この発明は、動翼部と静翼部とで構成された排気部を有する真空ポンプに関する。
ターボ分子ポンプ等の真空ポンプは、ポンプ容器内において、多段に配列された動翼部を有するロータを高速に回転し、動翼部と、動翼部の各段の間に配列された静翼部とにより気体分子を吸気口側から排気ポート側に移送する。
各段の動翼部はロータ翼を有し、各段の静翼部はステータ翼を有する。各静翼部は、静翼部の外周に配設されたスペーサにより所定の間隔に支持される。静翼部は、一対の半割のリング状部材を組み合わせて1つの輪状に形成される。つまり、半割のリング状部材の突合部となる2つの突合端部を相互に突き合わせて1つの輪が形成される。ロータ翼およびステータ翼は、ロータの回転面に対して傾斜して形成されている。
静翼部を作製する方法としては、機械加工により形成する方法と、塑性加工により形成する方法とがある。塑性加工により作製する方法はコスト面で有利である。
塑性加工により作製する方法では、板金をプレス加工して、所定の傾斜角度で円周方向に沿って配列された複数のステータ翼を内周リムと外周リムにより連結するように作製する。加工時のばらつきにより、半割のリング状部材の円周長が、設計寸法より長くなることがある。このため、半割のリング状部材の突合端部を突き合わせて1つの輪を形成すると、半割のリング状部材の突合端部が互いに重なりあったり、突合端部同士の反力により突合端部に反りが生じたりする。

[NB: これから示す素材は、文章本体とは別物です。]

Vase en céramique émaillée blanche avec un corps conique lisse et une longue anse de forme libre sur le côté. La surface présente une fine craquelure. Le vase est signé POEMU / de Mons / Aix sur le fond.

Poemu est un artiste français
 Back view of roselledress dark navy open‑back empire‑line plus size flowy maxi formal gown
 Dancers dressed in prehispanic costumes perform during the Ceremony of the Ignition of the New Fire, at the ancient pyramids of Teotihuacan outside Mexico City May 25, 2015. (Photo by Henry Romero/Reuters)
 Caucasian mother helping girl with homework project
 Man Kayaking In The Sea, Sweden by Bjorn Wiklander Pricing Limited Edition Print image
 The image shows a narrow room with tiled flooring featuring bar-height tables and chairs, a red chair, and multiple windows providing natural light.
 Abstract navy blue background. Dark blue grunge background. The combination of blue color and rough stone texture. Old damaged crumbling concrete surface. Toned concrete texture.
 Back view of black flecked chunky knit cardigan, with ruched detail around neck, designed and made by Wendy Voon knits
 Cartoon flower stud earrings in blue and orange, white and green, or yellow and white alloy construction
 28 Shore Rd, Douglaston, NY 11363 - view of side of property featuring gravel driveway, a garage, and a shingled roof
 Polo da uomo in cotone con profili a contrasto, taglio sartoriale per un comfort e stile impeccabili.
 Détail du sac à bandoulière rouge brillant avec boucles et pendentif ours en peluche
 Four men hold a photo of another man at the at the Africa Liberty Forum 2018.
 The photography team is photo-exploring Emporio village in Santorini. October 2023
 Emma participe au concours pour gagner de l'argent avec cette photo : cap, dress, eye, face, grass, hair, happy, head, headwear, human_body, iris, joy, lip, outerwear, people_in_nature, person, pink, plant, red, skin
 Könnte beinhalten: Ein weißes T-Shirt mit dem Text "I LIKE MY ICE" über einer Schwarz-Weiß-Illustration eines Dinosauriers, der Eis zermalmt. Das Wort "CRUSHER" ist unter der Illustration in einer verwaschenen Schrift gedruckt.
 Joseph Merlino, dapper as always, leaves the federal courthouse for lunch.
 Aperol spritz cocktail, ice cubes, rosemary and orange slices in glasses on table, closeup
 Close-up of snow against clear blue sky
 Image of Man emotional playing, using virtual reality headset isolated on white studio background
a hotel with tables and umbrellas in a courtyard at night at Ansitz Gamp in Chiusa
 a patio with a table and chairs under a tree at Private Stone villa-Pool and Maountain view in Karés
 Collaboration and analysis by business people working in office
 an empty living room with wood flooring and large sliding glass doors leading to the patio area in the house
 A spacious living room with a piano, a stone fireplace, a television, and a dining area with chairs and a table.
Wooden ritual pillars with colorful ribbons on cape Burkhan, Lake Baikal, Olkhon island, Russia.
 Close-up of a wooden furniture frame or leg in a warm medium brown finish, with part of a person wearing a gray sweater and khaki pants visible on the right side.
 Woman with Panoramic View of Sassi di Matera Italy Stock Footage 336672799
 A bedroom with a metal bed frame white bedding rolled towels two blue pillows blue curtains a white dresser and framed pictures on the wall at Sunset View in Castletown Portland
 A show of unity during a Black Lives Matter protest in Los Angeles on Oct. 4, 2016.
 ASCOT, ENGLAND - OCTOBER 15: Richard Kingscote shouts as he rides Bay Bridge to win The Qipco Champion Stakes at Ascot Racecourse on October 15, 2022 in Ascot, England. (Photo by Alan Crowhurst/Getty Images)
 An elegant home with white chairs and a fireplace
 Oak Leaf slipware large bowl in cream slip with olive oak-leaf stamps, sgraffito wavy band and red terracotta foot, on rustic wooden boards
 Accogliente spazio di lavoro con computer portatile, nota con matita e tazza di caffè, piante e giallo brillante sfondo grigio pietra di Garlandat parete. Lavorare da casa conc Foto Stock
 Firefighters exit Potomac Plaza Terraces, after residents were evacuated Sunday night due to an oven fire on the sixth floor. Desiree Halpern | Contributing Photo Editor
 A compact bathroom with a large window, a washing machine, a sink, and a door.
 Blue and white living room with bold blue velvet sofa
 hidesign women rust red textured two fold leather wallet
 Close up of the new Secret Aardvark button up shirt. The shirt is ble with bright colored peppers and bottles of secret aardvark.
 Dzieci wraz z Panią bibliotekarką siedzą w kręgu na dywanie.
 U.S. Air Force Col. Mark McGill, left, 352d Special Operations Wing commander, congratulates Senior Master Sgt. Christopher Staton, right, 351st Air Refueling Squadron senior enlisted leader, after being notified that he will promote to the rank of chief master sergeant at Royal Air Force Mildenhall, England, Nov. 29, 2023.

従来、半割のリング状部材を突き合わせた状態で、内周リムの突き合わせ面にスリットを設けるようにした構造が知られている(例えば、特許文献1参照)。
特開2006−77713号公報
上述したように、半割のリング状部材の円周長が加工時にばらつくと、静翼部において、重なりや反りが生じる。特許文献1には、このような問題点も、これに対する措置も何も記載されていない。
本発明は、動翼部と静翼部とを多段に積層した排気部を有する真空ポンプに適用されるものである。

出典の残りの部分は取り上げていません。